------ Provided material ------

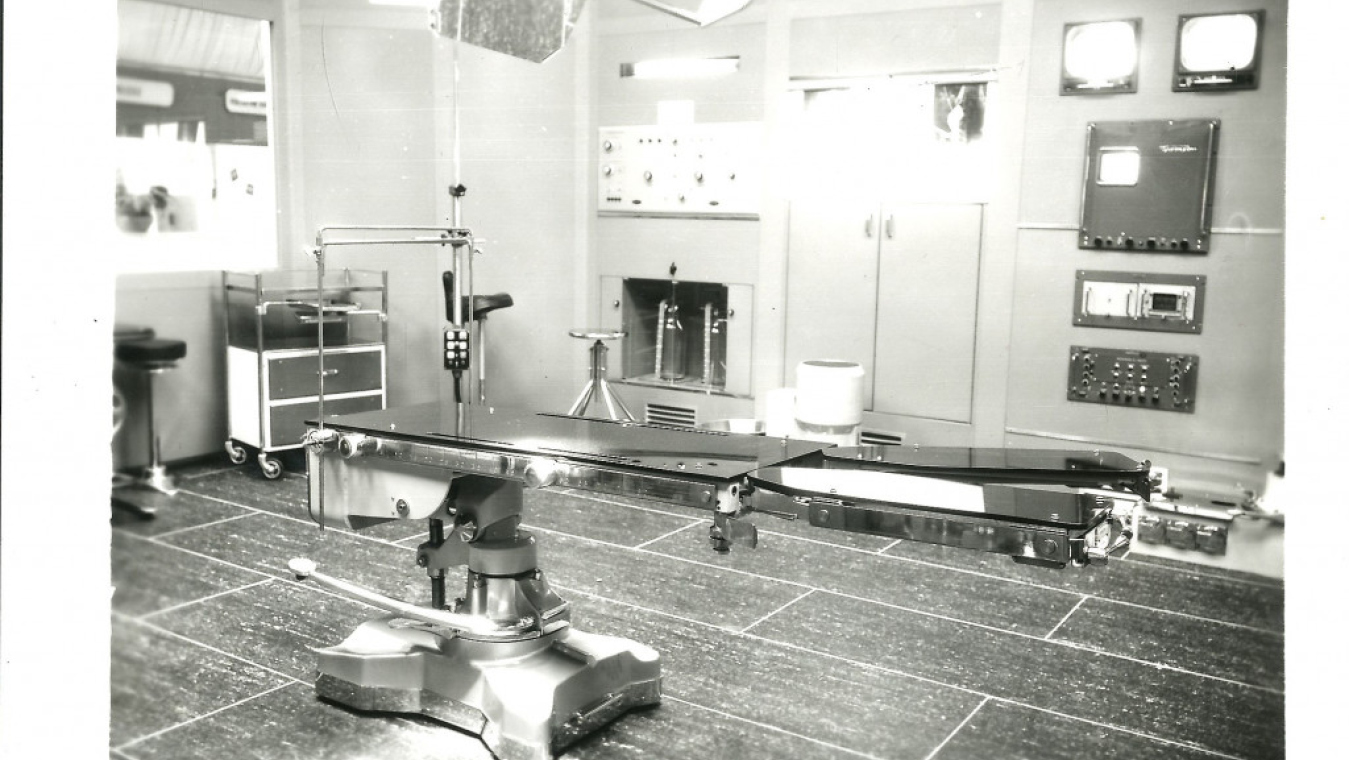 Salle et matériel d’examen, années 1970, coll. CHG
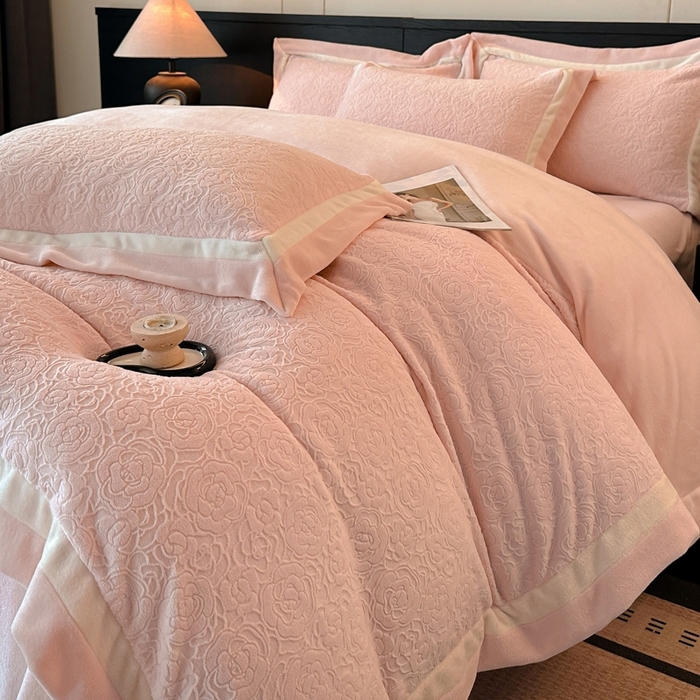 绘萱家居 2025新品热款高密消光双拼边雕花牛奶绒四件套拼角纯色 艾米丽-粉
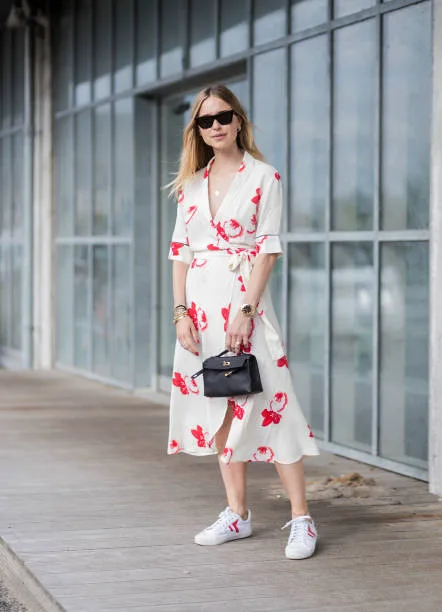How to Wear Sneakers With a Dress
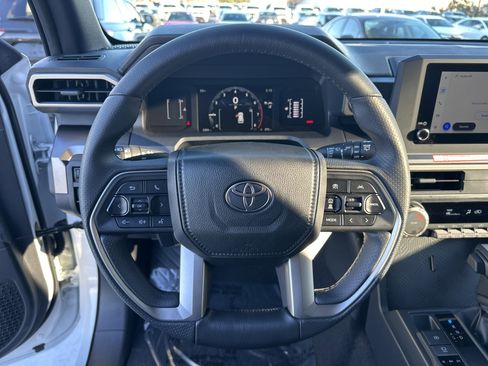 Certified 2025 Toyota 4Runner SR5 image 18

------

## Work order
The lines to copy run from the one with "How to Wear Sneakers With a Dress" through the end of the material. Write them out exactly, leaving out the pictures.

## Answer
How to Wear Sneakers With a Dress
 Certified 2025 Toyota 4Runner SR5 image 18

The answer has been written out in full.